La denuncia: 'Migranti birmani in Thailandia sfruttati e sottoposti a estorsione'
Dal Myanmar in 4 milioni si trovano nel Paese vicino, metà senza documenti regolari, dopo il golpe del 2021 che ha fatto precipitare il Myanmar nella guerra civile. Human Rights Watch parla di intento utilitaristico di Bangkok nella gestione dell'immigrazione, con un meccanismo di selezione che non si applica anche a Cambogia e Laos. "Autorità thailandesi si allineino agli standard internazionali".
Roma (AsiaNews) - Un recente rapporto di Human Rights Watch segnala le difficili condizioni in cui si trovano molti fra i birmani costretti a fuggire dal Myanmar verso la Thailandia dal febbraio 2021. Cercando riparo dal conflitto che insanguina e destabilizza il Paese dalla presa di potere dei militari. Le 48 pagine di “‘I Will Never Feel Secure’: Undocumented and Exploited Myanmar Nationals in Thailand”, pubblicate il 14 luglio, confermano alcune tendenze tipiche dell’accoglienza nel Paese del Sorriso di persone perseguitate nella terra d’origine, come l’intento utilitaristico nella gestione dell’immigrazione.

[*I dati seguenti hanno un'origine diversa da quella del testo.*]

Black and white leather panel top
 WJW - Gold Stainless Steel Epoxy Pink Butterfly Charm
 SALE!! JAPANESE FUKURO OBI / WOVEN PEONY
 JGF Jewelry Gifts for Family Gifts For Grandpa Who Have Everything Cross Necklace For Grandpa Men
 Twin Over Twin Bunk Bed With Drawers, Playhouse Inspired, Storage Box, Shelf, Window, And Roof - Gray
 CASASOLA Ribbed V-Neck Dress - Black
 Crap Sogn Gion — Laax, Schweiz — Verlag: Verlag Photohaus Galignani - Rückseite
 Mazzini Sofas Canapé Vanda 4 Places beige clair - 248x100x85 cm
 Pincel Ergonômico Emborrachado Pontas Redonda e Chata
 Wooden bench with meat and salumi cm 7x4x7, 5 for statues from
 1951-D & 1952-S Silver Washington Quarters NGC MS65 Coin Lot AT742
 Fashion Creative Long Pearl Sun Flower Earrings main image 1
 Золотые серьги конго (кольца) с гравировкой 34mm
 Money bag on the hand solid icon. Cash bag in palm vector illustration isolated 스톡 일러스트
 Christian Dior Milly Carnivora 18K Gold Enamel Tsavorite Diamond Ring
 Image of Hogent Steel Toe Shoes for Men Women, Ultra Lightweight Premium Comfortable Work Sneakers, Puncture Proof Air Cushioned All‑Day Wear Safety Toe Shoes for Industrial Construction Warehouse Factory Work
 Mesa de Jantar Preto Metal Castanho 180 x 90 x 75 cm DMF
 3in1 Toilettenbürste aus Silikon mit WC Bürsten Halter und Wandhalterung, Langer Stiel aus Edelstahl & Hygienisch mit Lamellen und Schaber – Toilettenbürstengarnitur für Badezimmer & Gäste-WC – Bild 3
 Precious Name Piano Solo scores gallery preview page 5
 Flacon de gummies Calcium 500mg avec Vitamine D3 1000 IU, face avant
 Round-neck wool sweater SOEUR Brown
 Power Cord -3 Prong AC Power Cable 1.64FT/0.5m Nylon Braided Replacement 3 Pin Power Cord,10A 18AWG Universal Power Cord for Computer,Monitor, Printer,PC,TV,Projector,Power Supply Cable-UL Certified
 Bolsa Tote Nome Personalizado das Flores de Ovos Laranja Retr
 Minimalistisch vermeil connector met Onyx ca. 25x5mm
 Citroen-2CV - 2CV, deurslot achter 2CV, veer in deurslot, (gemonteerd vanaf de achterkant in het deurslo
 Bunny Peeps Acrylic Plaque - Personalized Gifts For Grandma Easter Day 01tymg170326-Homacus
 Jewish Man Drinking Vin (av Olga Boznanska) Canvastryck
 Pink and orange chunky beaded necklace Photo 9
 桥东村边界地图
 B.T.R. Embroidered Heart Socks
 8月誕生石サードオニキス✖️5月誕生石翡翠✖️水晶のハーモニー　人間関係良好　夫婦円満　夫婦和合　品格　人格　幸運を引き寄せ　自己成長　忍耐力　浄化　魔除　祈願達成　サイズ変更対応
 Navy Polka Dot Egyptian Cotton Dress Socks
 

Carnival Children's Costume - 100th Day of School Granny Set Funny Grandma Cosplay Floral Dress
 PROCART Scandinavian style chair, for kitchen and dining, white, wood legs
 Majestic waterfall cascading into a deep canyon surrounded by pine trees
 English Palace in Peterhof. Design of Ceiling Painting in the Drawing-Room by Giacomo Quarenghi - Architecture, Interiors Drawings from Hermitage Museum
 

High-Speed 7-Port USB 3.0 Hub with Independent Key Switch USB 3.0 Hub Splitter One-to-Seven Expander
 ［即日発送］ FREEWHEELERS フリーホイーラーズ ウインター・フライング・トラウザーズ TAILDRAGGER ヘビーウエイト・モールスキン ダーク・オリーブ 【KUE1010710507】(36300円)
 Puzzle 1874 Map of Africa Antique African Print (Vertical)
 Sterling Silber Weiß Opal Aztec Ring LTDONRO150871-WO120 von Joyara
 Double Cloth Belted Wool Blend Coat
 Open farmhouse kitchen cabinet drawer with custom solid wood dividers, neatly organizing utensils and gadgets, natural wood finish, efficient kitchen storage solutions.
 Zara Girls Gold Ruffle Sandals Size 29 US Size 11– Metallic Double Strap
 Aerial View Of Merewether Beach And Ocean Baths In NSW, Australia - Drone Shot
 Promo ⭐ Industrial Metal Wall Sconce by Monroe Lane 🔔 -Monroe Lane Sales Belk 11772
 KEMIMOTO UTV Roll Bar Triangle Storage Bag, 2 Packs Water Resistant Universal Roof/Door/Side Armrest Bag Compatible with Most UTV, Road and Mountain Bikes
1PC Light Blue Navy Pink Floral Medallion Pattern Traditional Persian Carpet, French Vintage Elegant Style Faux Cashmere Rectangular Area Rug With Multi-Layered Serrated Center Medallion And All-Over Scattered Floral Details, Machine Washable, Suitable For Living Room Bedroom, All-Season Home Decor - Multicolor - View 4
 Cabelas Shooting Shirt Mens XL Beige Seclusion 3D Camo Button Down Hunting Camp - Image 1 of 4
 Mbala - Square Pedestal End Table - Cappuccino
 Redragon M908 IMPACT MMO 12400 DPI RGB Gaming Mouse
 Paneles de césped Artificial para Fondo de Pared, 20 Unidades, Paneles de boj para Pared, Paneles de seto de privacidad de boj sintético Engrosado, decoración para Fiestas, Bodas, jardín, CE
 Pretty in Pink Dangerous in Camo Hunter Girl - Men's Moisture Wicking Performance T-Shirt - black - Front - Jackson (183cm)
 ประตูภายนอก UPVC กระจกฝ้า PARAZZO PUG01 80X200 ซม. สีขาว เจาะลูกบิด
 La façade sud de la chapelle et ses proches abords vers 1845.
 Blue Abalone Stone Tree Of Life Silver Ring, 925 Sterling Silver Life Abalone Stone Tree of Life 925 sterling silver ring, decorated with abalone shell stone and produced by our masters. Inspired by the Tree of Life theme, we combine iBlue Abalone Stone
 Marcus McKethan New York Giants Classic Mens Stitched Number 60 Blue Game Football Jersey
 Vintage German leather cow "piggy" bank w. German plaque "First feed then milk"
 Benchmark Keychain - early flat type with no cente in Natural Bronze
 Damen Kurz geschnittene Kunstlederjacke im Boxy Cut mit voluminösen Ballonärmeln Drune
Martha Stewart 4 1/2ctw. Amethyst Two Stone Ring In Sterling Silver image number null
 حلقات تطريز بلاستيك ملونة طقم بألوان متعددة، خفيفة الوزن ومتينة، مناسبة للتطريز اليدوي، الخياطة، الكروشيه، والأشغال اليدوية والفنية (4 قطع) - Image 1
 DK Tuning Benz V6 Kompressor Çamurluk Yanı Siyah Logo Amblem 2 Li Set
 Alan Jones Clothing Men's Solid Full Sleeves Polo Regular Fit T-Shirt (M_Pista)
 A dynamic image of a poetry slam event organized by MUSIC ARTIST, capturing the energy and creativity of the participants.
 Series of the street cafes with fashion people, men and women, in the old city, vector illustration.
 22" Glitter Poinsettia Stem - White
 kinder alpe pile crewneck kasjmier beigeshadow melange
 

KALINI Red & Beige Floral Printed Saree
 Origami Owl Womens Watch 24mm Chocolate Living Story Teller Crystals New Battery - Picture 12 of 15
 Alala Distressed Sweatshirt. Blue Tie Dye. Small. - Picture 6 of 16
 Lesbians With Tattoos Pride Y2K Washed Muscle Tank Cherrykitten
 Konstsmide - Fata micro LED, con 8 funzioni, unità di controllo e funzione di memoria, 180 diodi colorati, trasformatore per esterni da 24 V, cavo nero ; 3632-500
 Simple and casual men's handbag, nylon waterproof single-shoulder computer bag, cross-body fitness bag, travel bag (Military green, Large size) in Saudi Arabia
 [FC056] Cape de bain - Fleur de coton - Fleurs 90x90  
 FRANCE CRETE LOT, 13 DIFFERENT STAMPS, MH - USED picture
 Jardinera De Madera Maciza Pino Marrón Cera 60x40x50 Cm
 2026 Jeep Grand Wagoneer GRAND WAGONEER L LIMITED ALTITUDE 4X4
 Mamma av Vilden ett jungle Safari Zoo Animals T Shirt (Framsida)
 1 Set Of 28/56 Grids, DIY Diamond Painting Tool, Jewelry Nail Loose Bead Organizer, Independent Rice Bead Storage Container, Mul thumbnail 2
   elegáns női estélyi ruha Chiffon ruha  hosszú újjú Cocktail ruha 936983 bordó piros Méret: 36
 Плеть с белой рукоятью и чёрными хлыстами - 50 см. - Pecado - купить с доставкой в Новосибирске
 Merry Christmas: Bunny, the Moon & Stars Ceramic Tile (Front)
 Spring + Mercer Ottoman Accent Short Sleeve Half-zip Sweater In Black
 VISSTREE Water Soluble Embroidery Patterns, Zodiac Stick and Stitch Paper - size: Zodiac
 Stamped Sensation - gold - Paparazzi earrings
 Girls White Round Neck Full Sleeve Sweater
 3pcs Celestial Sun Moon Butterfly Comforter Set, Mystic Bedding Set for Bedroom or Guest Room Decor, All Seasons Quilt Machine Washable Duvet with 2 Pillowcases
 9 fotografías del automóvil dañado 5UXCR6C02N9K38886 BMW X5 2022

In quest’ultimo aspetto Bangkok è sostenuta dalla mancanza di adesione a importanti trattati o convenzioni sulla protezione di persone straniere non classificabili come migranti lavoratori. È significativa la definizione che HRW indica come ricorrente tra i birmani per le aree frontaliere, in particolare la città thailandese di Mae Sot: “walking ATMs” (bancomat ambulanti). “Dopo essersi lasciati alle spalle guerra, persecuzione e privazioni, i cittadini del Myanmar hanno bisogno di protezione in Thailandia. Invece la Thailandia nega loro un condizione legale certa e le sue autorità usano questa vulneraiblità per sfruttarli e sottoporli a estorsione”, ricorda Nadia Harman, ricercatrice per i diritti dei profughi e dei migranti di Human Rights Watch.
Si calcola che attualmente vi siano nell’ex regno del Siam 4 milioni di birmani, di cui la metà senza documenti regolari. Questi ultimi, sostiene l’organizzazione umanitaria, non hanno fatto una scelta di comodo scegliendo di entrare in Thailandia, ma una scelta necessaria dovuta al bisogno di sicurezza e di una qualche fonte di sostentamento. Nonostante gli intenti legati alla sopravvivenza propria e del nucleo familiare, si ritrovano a subire forme di oppressione e negazione dei loro diritti organizzati da coloro che dovrebbero occuparsi della loro sicurezza.
Diffuso, ad esempio, è il sistema estorsivo basato sulla vendita ai birmani di “police cards”, tessere proposte per aprire un qualche passaggio verso l’acquisizione di documenti legali, o anche solo per evitare l’arresto. Chi non le vuole o non può ottenerle ha come alternativa una auto-reclusione per evitare il rimpatrio forzato. Il pagamento non evita comunque l’espulsione, come quelle di massa di migliaia di persone, tra cui molti bambini, senza preavviso dopo alcuni giorni in detenzione.
Senza leggi specifiche o particolari obblighi internazionali in materia di migrazioni irregolari, nel 2023 il governo di Bangkok ha introdotto un nuovo meccanismo di selezione di quanti chiedono protezione nel Paese. Ma ciò non si applica a cittadini di Myanmar, Cambogia e Laos. A sua volta, il rinnovo dei permessi di lavoro non viene garantito ai tanti birmani già occupati in Thailandia in condizioni difficili, e spesso è condizionato a pressioni e sopraffazioni di vario genere. Tra queste, la consegna di documenti di impiego e residenza contraffatti o l’assunzione da parte di individui o gruppi che sono solo una copertura per truffe ai danni delle persone migranti.
A fronte di questa situazione, il rapporto di HRW chiede che “le autorità thailandesi si allineino agli standard internazionali per garantire una protezione reale a chi fugge del Myanmar. Il governo thai dovrebbe mettere fine allo sfruttamento e alle sofferenze di diversi milioni di cittadini del Myanmar senza documenti regolari”. A partire, viene specificato dall’ong internazionale, dall’introduzione di un regime di protezione temporanea.